I have been trying to write for a while, but there just seem to be no words. Ideas, even thoughts seem to be lacking lately. Perhaps it’s due to a loss of creativity, or maybe it’s because there are too many ideas and thoughts on rotation in my mind that the thought of tackling one is too much, so instead I silence them.

I’m inclined to think it is the latter.

To be honest, I am coming face to face with some pretty serious questions I have for God.  And I’m a bit scared to ask.

While I know people who have seen more sinister things than I have, or have heard stories more tragic than I have heard, I have seen and heard enough. Enough to question where God is at times, or wonder if he is actually good. Questions ‘good Christians’ probably shouldn’t ask, or have at least sorted out already in their faith.  

I’m not sure about you, but for me most things I hear about that go on in the world sit at a bit of a distance. ISIS, earthquakes, floods, etc. While these things are devastating, I am not confronted with the reality. My reality of those events stay on the screen of my computer. But here there have been some realities that have met me at my front door, and a lot of the time I don’t know what to do about it. So, I bury them.

I mean, what do you do when you know children are being raped? When you see (what you assume) is a pedophile putting two children in his car? What do you do when a 10 year old girl is crying because her mom will beat her if she finds out the bracelets she is supposed to sell (for 10 hours a day) have been stolen? Or when you hear of corruption at every corner?

What do you do when you can’t do anything? What do you do when it looks like God isn’t doing anything?

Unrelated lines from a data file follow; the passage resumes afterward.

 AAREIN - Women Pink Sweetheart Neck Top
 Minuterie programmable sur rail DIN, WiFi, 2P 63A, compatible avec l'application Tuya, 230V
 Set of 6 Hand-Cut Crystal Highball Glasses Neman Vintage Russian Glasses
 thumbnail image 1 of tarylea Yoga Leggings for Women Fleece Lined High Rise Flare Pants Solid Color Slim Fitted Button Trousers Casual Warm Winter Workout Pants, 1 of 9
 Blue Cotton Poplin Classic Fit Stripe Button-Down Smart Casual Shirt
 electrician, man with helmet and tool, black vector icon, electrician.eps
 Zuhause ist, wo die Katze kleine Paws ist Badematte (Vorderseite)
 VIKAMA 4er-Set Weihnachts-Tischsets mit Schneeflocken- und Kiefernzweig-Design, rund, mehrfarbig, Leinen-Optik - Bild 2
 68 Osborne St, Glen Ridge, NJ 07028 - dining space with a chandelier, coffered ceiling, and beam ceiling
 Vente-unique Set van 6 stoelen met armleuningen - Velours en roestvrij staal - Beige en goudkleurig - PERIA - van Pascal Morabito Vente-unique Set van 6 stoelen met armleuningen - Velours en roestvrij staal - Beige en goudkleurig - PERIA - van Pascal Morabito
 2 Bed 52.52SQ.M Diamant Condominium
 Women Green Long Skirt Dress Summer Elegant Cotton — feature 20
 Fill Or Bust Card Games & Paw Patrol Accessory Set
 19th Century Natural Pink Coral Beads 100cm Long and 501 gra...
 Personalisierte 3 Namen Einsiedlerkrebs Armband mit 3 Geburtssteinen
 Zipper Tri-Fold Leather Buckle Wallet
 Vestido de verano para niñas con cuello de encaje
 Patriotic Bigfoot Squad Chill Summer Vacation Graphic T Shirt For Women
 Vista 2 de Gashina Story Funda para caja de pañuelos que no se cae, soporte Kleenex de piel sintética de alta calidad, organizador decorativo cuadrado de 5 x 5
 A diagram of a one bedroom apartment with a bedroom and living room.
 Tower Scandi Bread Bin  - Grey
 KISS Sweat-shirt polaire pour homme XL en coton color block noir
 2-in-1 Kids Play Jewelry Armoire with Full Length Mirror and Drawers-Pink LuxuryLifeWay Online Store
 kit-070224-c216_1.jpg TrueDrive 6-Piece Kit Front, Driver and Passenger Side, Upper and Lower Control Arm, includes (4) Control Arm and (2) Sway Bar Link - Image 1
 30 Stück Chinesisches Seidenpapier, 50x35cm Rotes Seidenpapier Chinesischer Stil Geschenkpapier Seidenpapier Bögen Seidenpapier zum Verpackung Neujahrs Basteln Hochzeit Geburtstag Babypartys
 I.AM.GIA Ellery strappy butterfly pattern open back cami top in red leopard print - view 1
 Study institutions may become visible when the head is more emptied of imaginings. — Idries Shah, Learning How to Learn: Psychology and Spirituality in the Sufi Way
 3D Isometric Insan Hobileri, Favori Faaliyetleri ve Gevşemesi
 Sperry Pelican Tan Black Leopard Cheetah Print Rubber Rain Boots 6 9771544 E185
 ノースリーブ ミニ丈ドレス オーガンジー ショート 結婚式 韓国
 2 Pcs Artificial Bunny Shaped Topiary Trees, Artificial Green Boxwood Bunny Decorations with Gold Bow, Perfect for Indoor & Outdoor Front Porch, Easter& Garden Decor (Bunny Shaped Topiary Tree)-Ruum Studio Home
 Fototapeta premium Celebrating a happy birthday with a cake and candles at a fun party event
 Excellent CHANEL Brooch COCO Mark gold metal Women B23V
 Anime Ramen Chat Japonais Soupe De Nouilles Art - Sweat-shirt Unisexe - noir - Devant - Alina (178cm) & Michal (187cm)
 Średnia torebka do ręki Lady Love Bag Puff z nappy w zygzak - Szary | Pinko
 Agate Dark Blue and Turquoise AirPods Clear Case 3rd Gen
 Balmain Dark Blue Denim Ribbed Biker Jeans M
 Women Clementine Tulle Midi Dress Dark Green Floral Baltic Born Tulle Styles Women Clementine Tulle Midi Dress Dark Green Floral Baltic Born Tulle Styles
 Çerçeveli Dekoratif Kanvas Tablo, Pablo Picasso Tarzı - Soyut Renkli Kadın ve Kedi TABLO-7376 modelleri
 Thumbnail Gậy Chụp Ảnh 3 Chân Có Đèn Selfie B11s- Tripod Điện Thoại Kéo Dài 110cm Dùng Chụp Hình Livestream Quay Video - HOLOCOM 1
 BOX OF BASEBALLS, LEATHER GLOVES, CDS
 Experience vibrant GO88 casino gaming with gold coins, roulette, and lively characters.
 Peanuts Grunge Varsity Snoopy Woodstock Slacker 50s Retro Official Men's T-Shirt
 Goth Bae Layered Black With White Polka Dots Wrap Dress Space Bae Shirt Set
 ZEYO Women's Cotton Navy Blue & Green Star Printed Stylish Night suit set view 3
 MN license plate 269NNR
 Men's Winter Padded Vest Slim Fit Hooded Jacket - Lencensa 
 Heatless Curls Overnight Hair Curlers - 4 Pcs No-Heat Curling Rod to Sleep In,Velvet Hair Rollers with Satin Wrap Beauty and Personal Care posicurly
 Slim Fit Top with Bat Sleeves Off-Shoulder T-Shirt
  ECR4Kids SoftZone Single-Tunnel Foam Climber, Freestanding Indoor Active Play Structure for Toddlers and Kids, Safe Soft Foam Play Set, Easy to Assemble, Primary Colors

I remember telling God if that street girl didn’t find her bracelets him and I were going to have a huge problem. Haha, I’m sure he was looking at me tenderly with understanding, but also a little bit of ‘come on, Janay, do you still not trust me?’

Truth be told, most days I don’t.

Instead of dealing with the issues I currently have with God, I avoid them. Occasionally, I numb out by watching TV shows, or allow myself to be swallowed up into a musical vortex while daydreaming of other lands than this one.

Processing these things seems like a mountain I am not trained to climb. Have you ever been there?

I suppose coming over to Cambodia, I was under the impression that I had sorted all this stuff out in my mind and heart already. After all, I had been on mission trips, seen injustice, poverty, and immense suffering. Why is this different?